I just finished writing an essay about how wonderful this essay is. It's so modern and amazing. This is the best essay I have ever read. Is there more to read by Michael Faris? I would love to read more of his work.

Posted at: March 23, 2009 3:14 PM

Deanna said:

Beautifully written, concise, and enjoyable to read. Thank you very much for this.

Posted at: August 15, 2009 7:08 PM

Richard said:

Really beautiful essay. An amazing message on how it would great if people could just accept others for who not what they are. Spot on about the way traditional masculinity is too often expressed by victimizing the 'other'.

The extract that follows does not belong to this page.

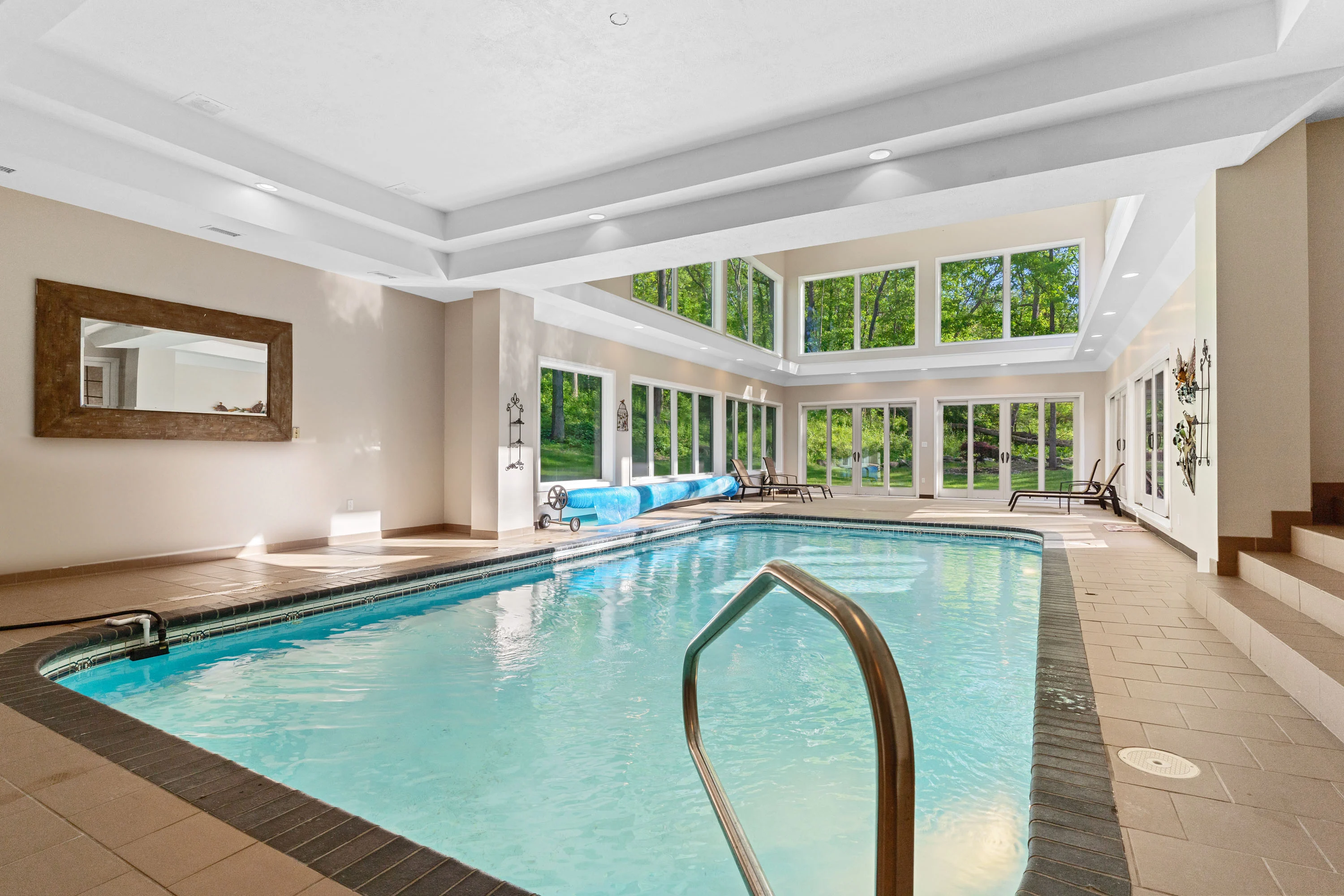 105 Lantern Circle, Near Pittsburgh, Pennsylvania 15317 - 105-lantern-circle-canonsburg-pennsylvania23_crjp6k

Posted at: June 12, 2011 10:46 AM

john miller said:

I grew up in the south in the 50's and 60's so I know a lot about being picked on and bullied. I knew I was different from everyone else and couldn't understand why I was so disliked, everyone seemed to know but me, I liked more femminine things back then and when I finally opened that closet door when I was 17 it was like a whole new great world opened for me I could look people in the eye, hold my head up and was proud of myself I moved to New york and got in touch with myself and because of my life I had a much more intersesting life than all those small minded bigoted people I left behind I wish I had known someone like you , it would have made growing up a lot easier Just remember hold your head up and be proud of your unique self.